Data for this exercise section start

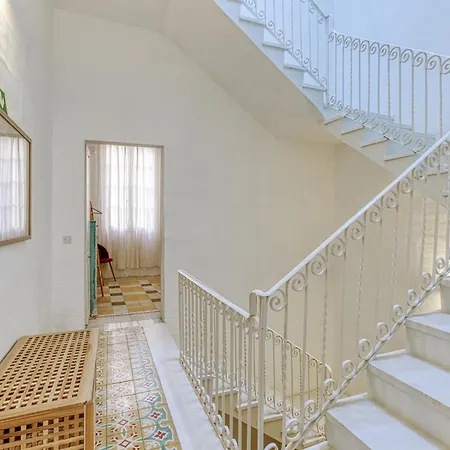 Διαμέρισμα Lovely Traditional 4br Townhouse In Charming By 360 Estates *
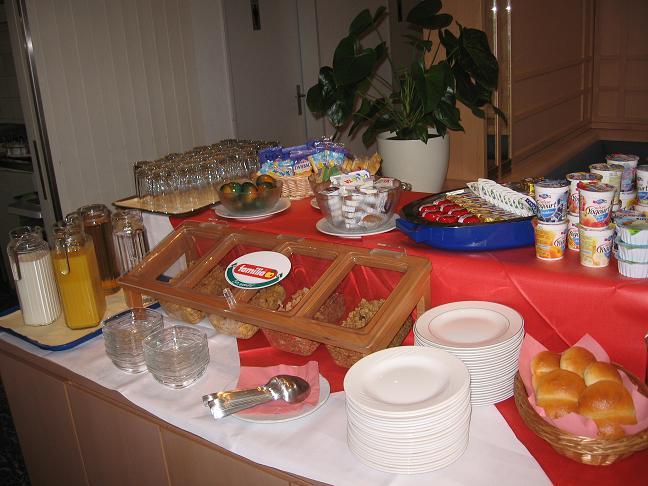 Illuster Hotel breakfast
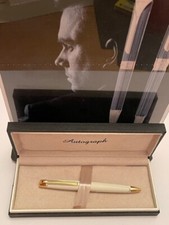 AUTOGRAPH WHITE AND GOLD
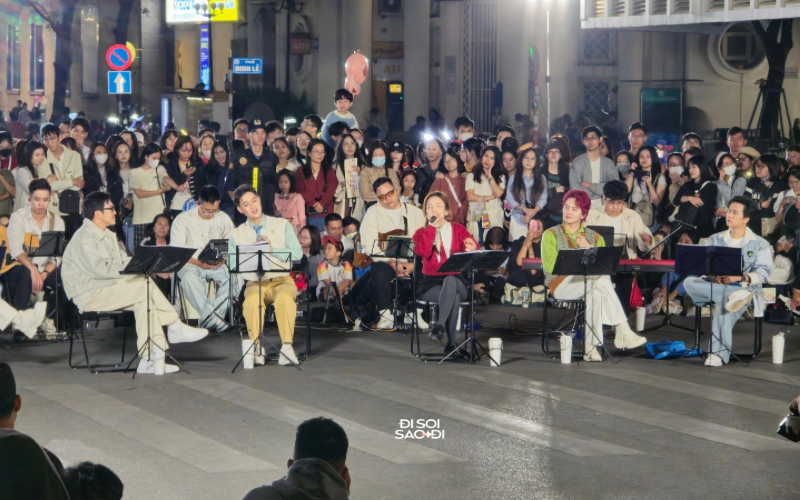 Dàn nghệ sĩ tên tuổi có mặt tại phố đi bộ Hồ Gươm khiến người qua đường tò mò kéo nhau tới xem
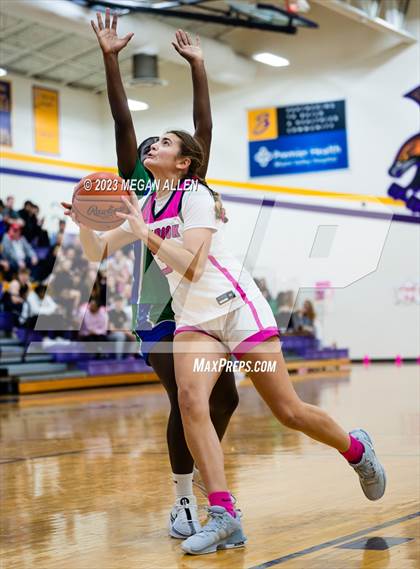 Thumbnail 1 in Chaminade Julienne Catholic @ Bellbrook (Scrimmage) photogallery.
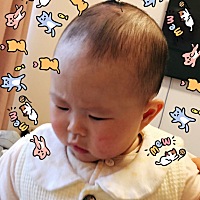 宝宝最近突然奶量好少 以前早上起床最少200 现在就100左右 白天也不怎么喝 我连辅食都不敢喂它 吃了就不...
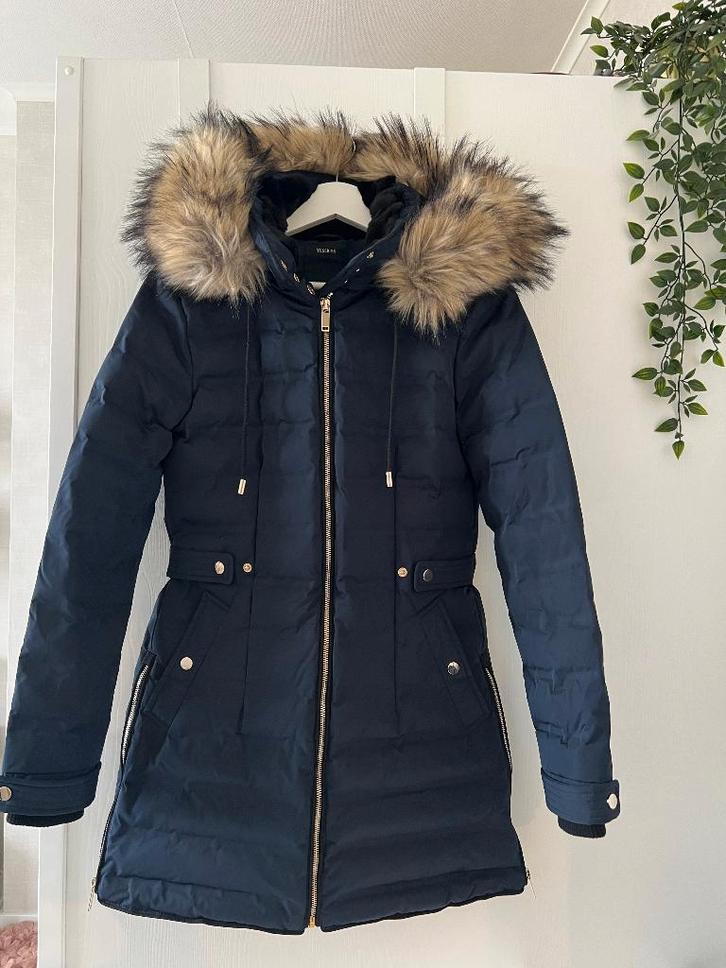 Nieuwstaat donkerblauwe dameswinterjas, Kleding | Dames, Jassen | Winter, Zo goed als nieuw, Maat 34 (XS) of kleiner, Blauw, Ophalen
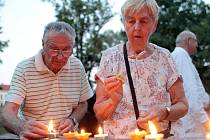 Výročí svržení atomové bomby na Hirošimu si připomněli lidé v lužáneckém parku v Brně. Za oběti ve čtvrtek zapálili svíčky.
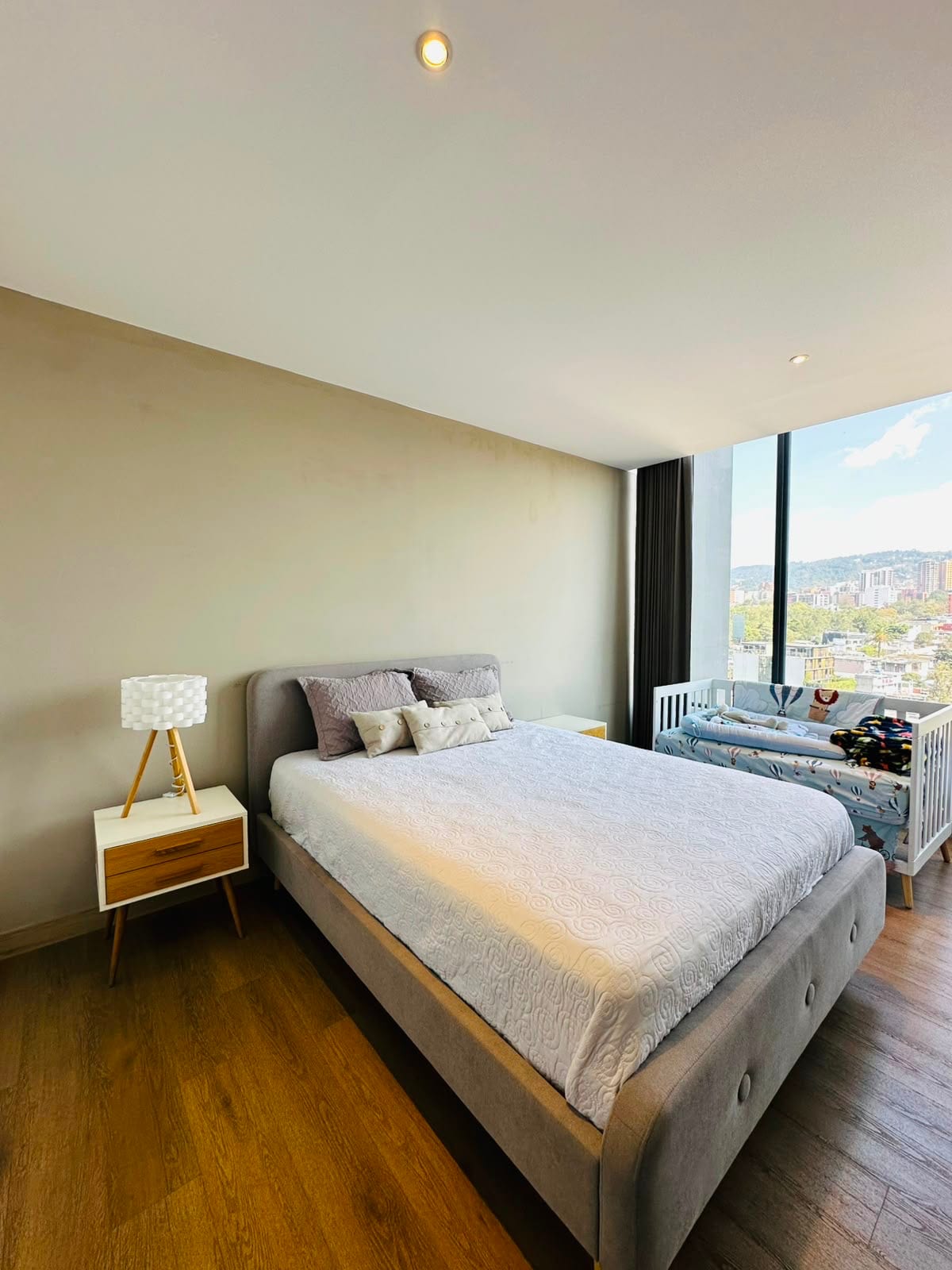 Apartamento amueblado en renta zona 15 — Apartamento en Alquiler en Zona 15, Guatemala, Ciudad — foto 2 de 4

Data for this exercise section end

Activity
Output the lines above in full and exactly. Leave out every picture.

Final answer
 Διαμέρισμα Lovely Traditional 4br Townhouse In Charming By 360 Estates *
 Illuster Hotel breakfast
 AUTOGRAPH WHITE AND GOLD
 Dàn nghệ sĩ tên tuổi có mặt tại phố đi bộ Hồ Gươm khiến người qua đường tò mò kéo nhau tới xem
 Thumbnail 1 in Chaminade Julienne Catholic @ Bellbrook (Scrimmage) photogallery.
 宝宝最近突然奶量好少 以前早上起床最少200 现在就100左右 白天也不怎么喝 我连辅食都不敢喂它 吃了就不...
 Nieuwstaat donkerblauwe dameswinterjas, Kleding | Dames, Jassen | Winter, Zo goed als nieuw, Maat 34 (XS) of kleiner, Blauw, Ophalen
 Výročí svržení atomové bomby na Hirošimu si připomněli lidé v lužáneckém parku v Brně. Za oběti ve čtvrtek zapálili svíčky.
 Apartamento amueblado en renta zona 15 — Apartamento en Alquiler en Zona 15, Guatemala, Ciudad — foto 2 de 4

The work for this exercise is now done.